Go to the line containing "Rangeley Lake Mountain" and retype it and every later line exactly as written, up to the last line of the entries. Keep pictures out.

[[ DATA TO EXAMINE open ]]

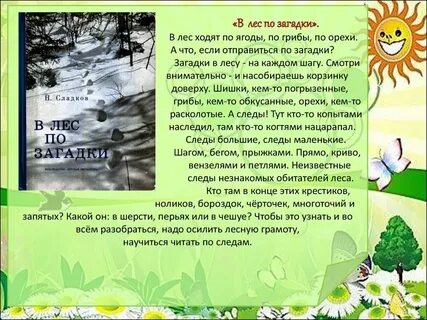 Загадка в лесу родился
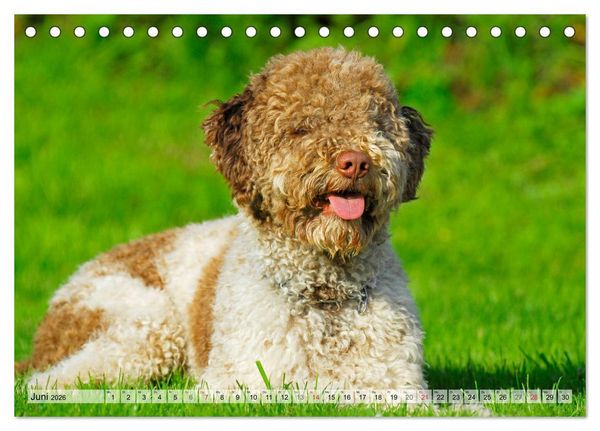 Produktbild: Lagotto Romagnolo - Ein Hund zum Verlieben (Tischkalender 2026 DIN A5 quer), CALVENDO Monatskalender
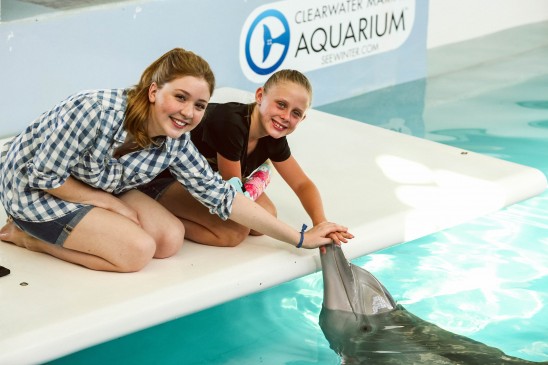 Bionic kid Anni touching Winter, the amazing dolphin with a prosthetic tail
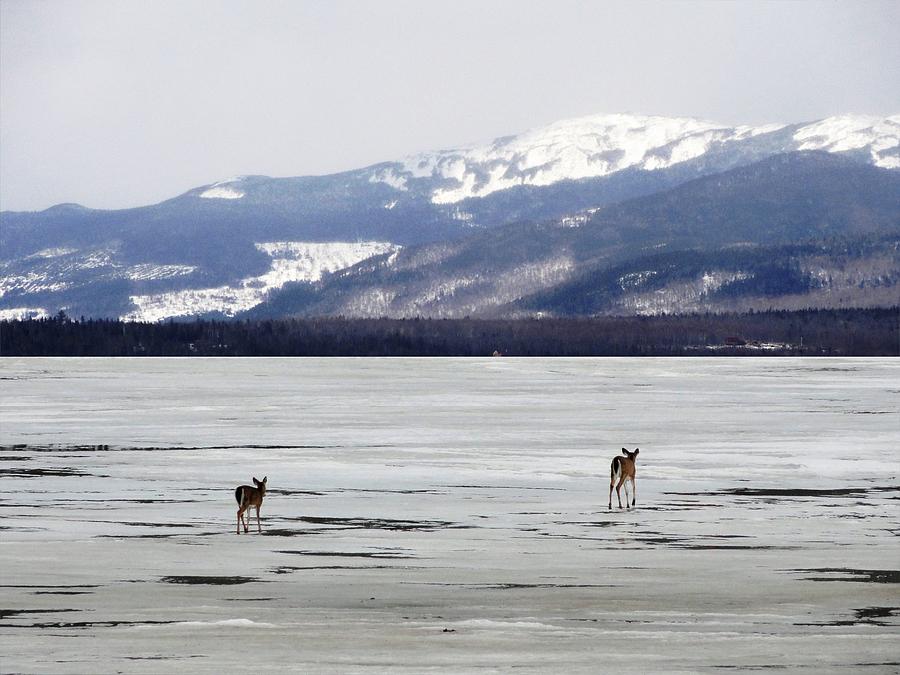 Rangeley Lake Mountain View Deer Crossing Photograph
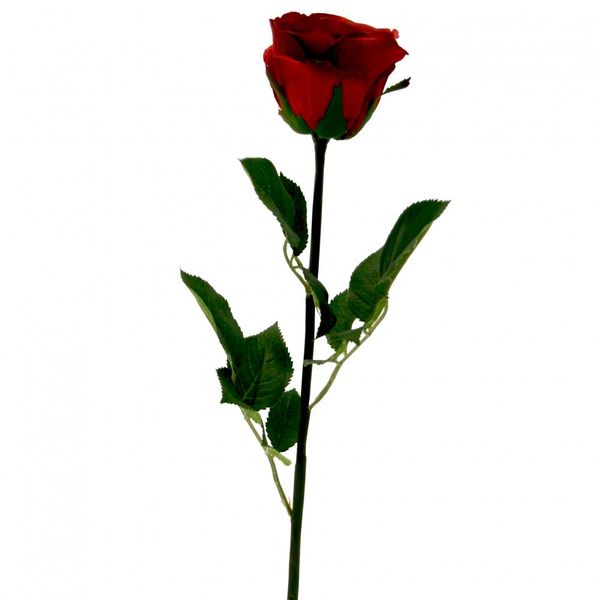 Medium Red Empire Rose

[[ DATA TO EXAMINE closed ]]

- **RESPONSE TO THE TASK**:
 Rangeley Lake Mountain View Deer Crossing Photograph
 Medium Red Empire Rose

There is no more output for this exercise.